- EXERCISE AIM -
Copy word for word the lines from the start of the records through the line that contains "Gaard Navy Print Top (10-12)", both included.

INPUT FOR THIS TASK START

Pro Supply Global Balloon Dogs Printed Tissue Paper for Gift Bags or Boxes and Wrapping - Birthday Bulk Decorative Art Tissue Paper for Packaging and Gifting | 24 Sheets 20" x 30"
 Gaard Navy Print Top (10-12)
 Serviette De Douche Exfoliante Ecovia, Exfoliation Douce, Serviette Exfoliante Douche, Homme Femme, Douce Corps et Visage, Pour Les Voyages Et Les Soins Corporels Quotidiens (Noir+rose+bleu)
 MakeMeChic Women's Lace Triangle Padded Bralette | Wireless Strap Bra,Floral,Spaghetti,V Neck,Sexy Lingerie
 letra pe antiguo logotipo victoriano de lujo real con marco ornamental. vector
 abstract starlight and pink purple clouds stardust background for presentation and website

INPUT FOR THIS TASK END

- EXERCISE OUTPUT -
Pro Supply Global Balloon Dogs Printed Tissue Paper for Gift Bags or Boxes and Wrapping - Birthday Bulk Decorative Art Tissue Paper for Packaging and Gifting | 24 Sheets 20" x 30"
 Gaard Navy Print Top (10-12)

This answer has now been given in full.